Dec 5, 2024
11:00am - 11:30am
Hynes, Level 3, Room 309
Susan Daniel1
Cornell University1
The sensor elements of a biological cell are its transmembrane proteins (TMP). Housed in a lipid bilayer, these species carry out a variety of functions that let the cell interact and respond to its environment. Harnessing these functions for biosensing purposes that can lead to new diagnostics, drug screening platforms, and pathogen detection tools are just a few of the promising applications possible if TMP could be integrated with sensing platforms that have an easy readout. However, this class of proteins remains challenging to study. Progress has been hindered by the difficulty in synthesizing, isolating, and incorporating them and their membrane scaffolds into a sensing platform. Cell-free protein synthesis (CFPS) is an emerging technique for synthesizing TMPs directly into a membrane environment by using reconstituted components of the cellular transcription and translation machinery
in vitro, bypassing purification and reconstitution into a membrane. Our recent goals have been to leverage this approach to integrate TMPs into supported lipid bilayers coating conducting polymer electronic circuits.

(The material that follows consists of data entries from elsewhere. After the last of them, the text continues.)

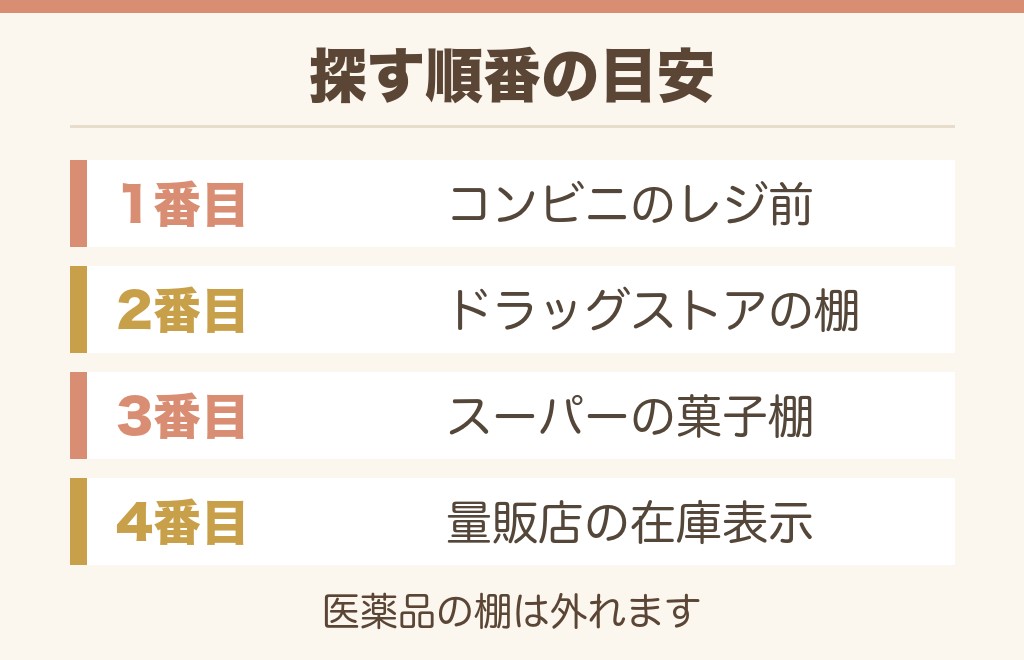 龍角散タブレットが売ってる場所はコンビニとドラッグストアです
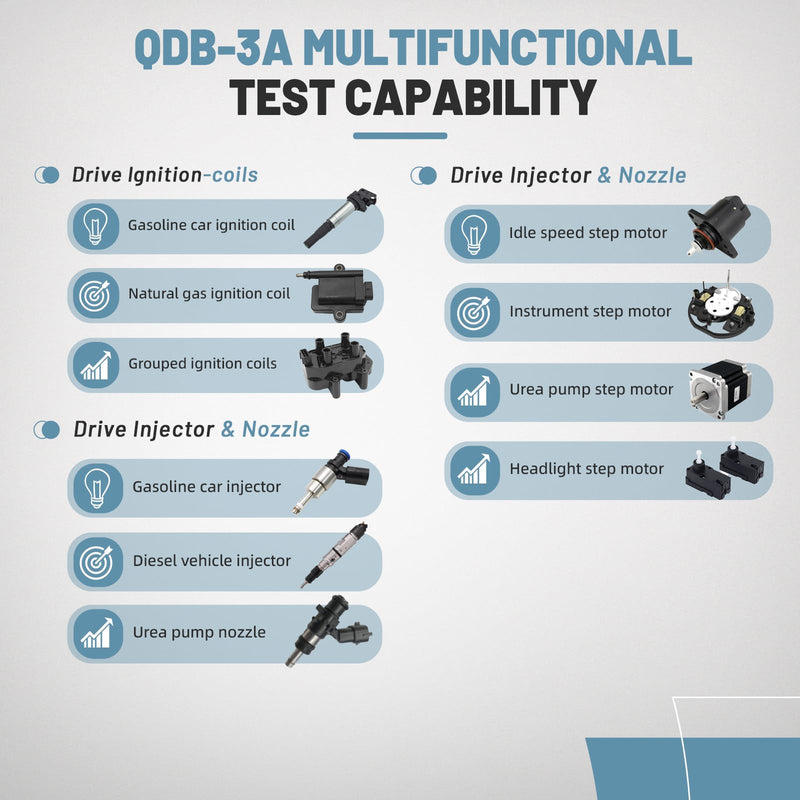 QDB-3A Ignition Coil Tester, Automobile Actuator Drive Detector, Drive Fault Tester - Test Including Injector Solenoid Valves Idle Stepping Instrument Urea Pump Motors Ignition Coitester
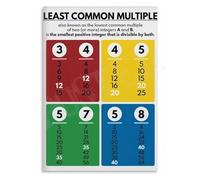 TAMDDBPJD LCM Math Poster Least Common Multiple Formulas Educational Chart Wall-Art for Study Room Classroom(Unframed,12x18inch(30x45cm))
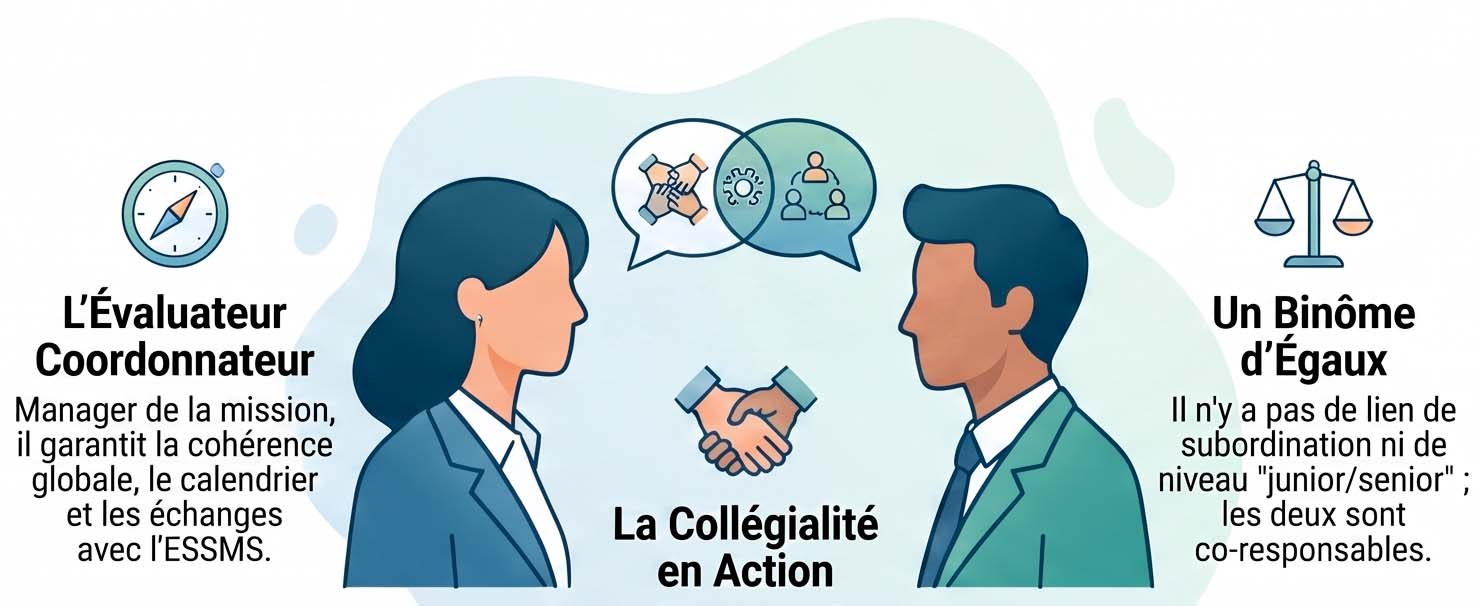 Pourquoi une évaluation HAS en ESSMS mobilise-t-elle au moins deux évaluateurs ?
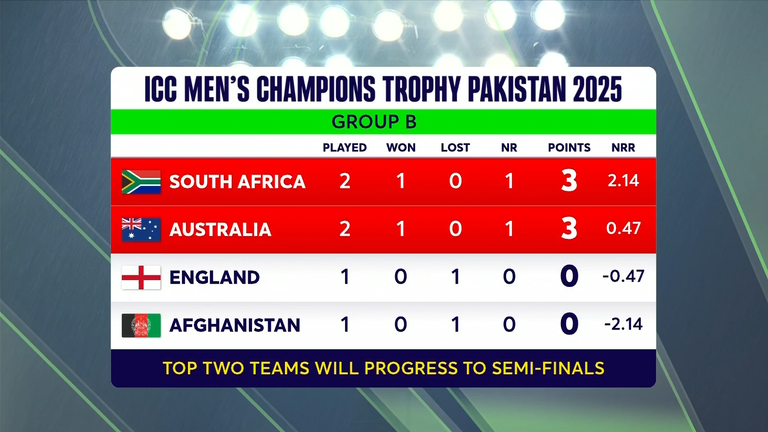 England's Champions Trophy semi-final hopes clearer after Australia vs South Africa washout in Rawalpindi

Specifically, PEDOT:PSS electrode arrays, which are both transparent and electrically conductive, can be coated with lipid membranes and enable the assessment of protein incorporation and activity by optical and electrical means. We use fluorescence microscopy and electrochemical impedance spectroscopy (EIS) to characterize the synthesized TMPs. In this talk, I will share our success in incorporating several TMP ion channels into biomembrane bioelectronic devices. By dramatically simplifying TMP incorporation into a platform capable of sensing their biological function, label-free, we envision a future where large libraries of protein variants can be easily synthesized and assayed using bioelectronic circuits. This kind of scale up is necessary to mimic and achieve the systems-level sensing used in nature.